Here’s a hypothetical quotemining example. Someone can start an article “Many people think HIV was created by the CIA.” They can spend several pages presenting the arguments advanced in favor of that. Then they can spend more pages tearing that argument to shreds, and show that it had to be an accidental transmission before the CIA ever existed. No one should quote the first sentence without explaining that the article’s intent was to demolish that sentence. That would be dishonest.
Maybe Nelson despises quotemining as much as I do. Maybe he’d never dream of doing that, and he was just pointing out something sort of funny and silly, or he misread me. I can’t be sure.
I do know that there is quotemining and apologetics for quotemines on the same blog, and I’ve never seen him denounce the practice. Anyone with a shred of intellectual and academic integrity has to be appalled at the practice. Everyone writes sentences that they disagree with, or which give bad ideas too much credit, specifically in order to criticize the idea or explain its errors. Quotemining makes everyone afraid to use normal rhetorical techniques by using these counterfactual quotes without the context of the actual argument being made.
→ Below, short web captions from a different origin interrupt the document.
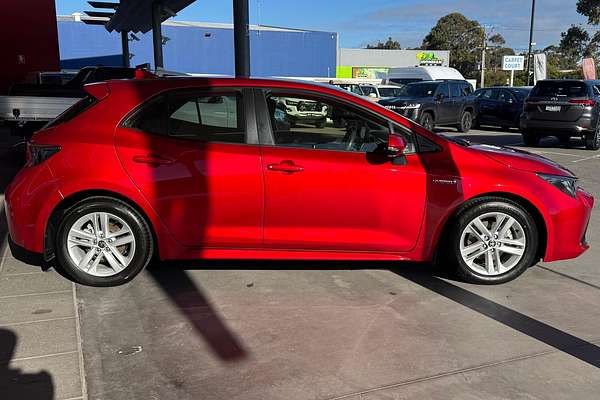 2022 Toyota Corolla Ascent Sport Hybrid ZWE211R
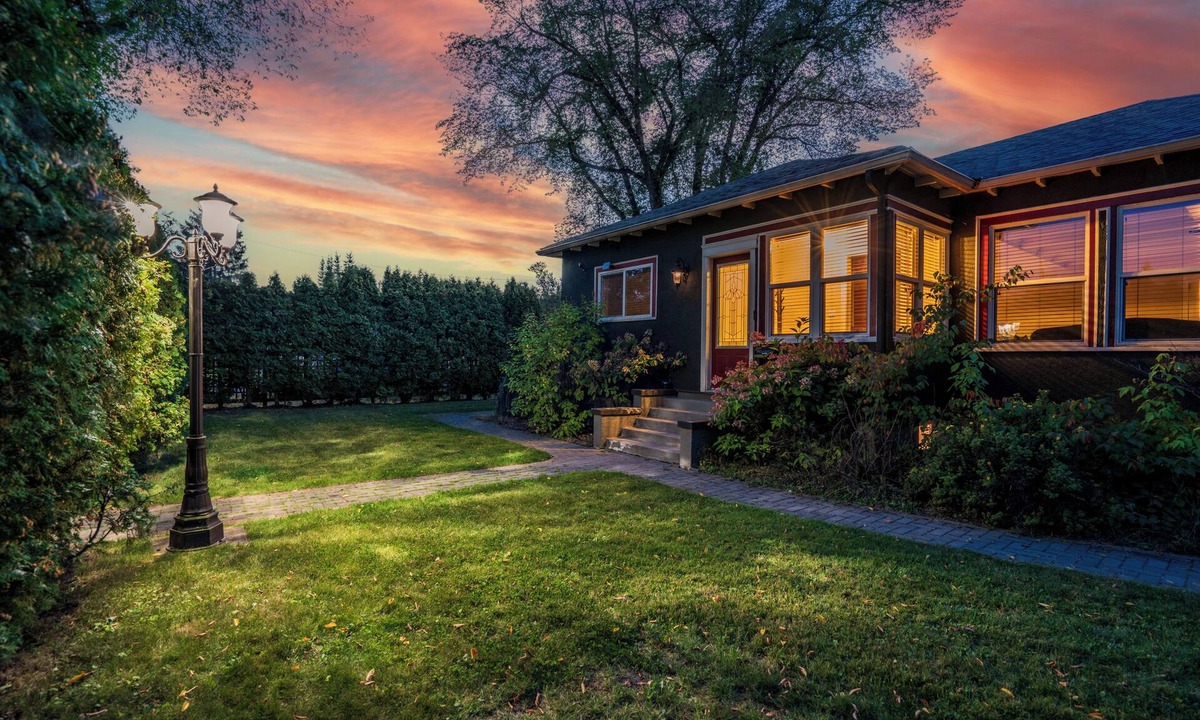 Prince George House | Luxury pet friendly estate w/hot tub and heated pool in the heart of the city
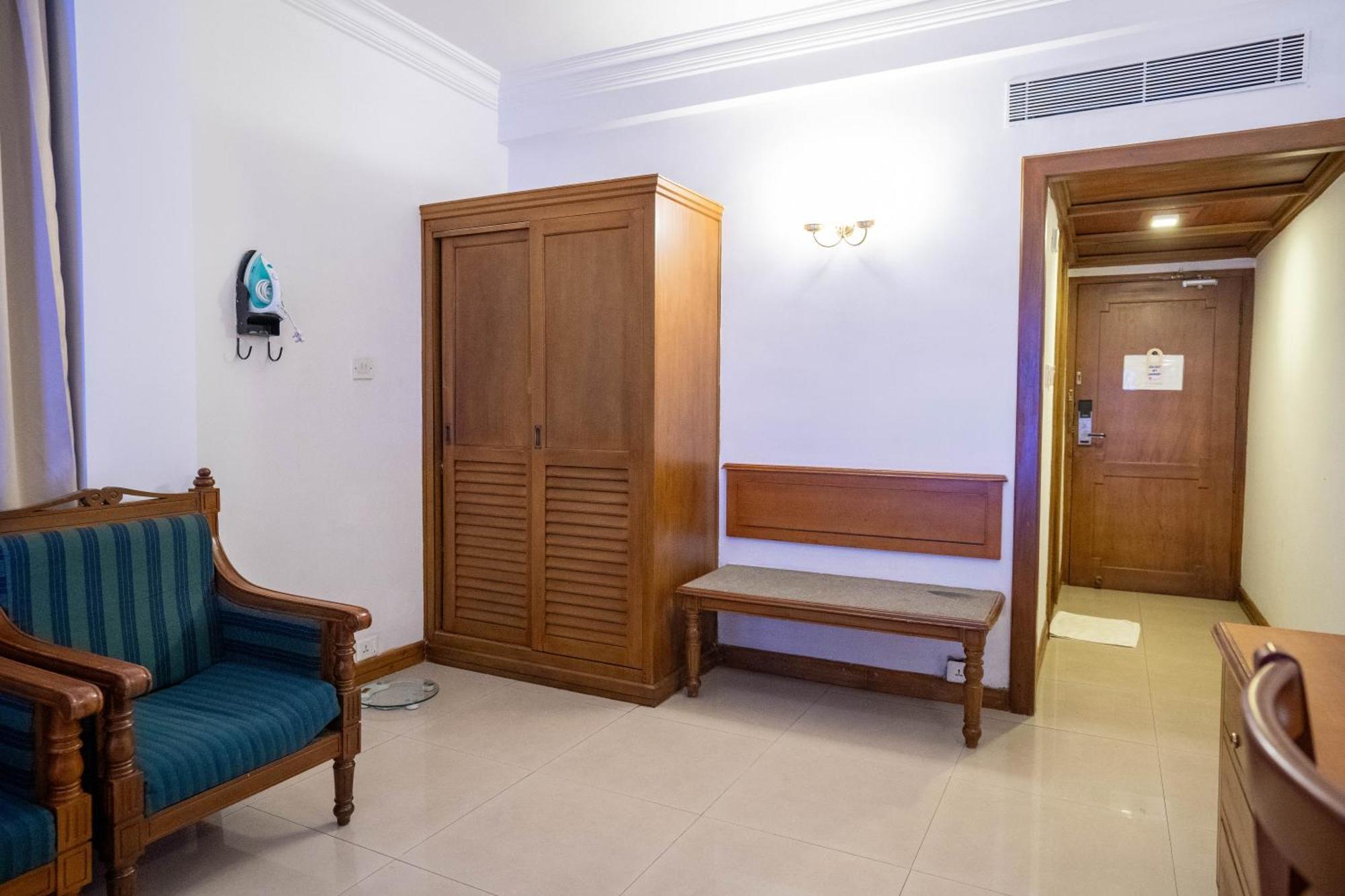 Casino Hotels Ltd Thrissur Екстериор снимка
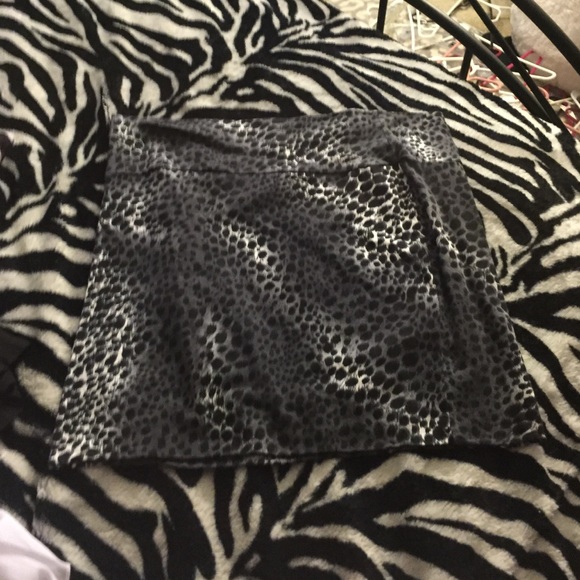Leopard print mini skirt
I don’t trust IDtF because it has quotemining on it. My distrust extends to each person writing there. That may be undeserved, but until they each make a specific statement denouncing the practice, I can’t trust them. That changes my calculus of intentions. I try to follow Robert Hanlon’s dictum (often attributed to Twain): Never attribute to malice that which can be adequately explained by stupidity. If I just thought Nelson was a regular guy, I’d figure he read my piece fast and missed the point. If the blog allowed comments, I’d leave a polite note explaining the confusion, and maybe we’d chat about it.
But I don’t trust anyone who would associate their intellectual efforts with quoteminers. Quoteminers abuse quotes maliciously and intentionally. If a quoteminer misquotes or misrepresents, it is attributed first to malice.
I’d like to believe that Nelson just misunderstood my argument. But I can’t because he hasn’t disassociated himself from the practice of intentionally misrepresenting people’s arguments.
You’d think it was obvious where people stand, and it’s a shame I have to ask. But I emailed him with these concerns and explanations, and asked him to specifically denounce quotemining.
I’ll draw up a statement that anyone can sign, if that would be helpful.
By way of reconciliation, I’ll say that I don’t know enough about Nelson’s parents to call him a bastard, and I suspect that I overstated in calling him illiterate. More retractions may follow. I’m prepared to retract lying, if it comes down to it. I still believe that one, but new evidence may change my mind.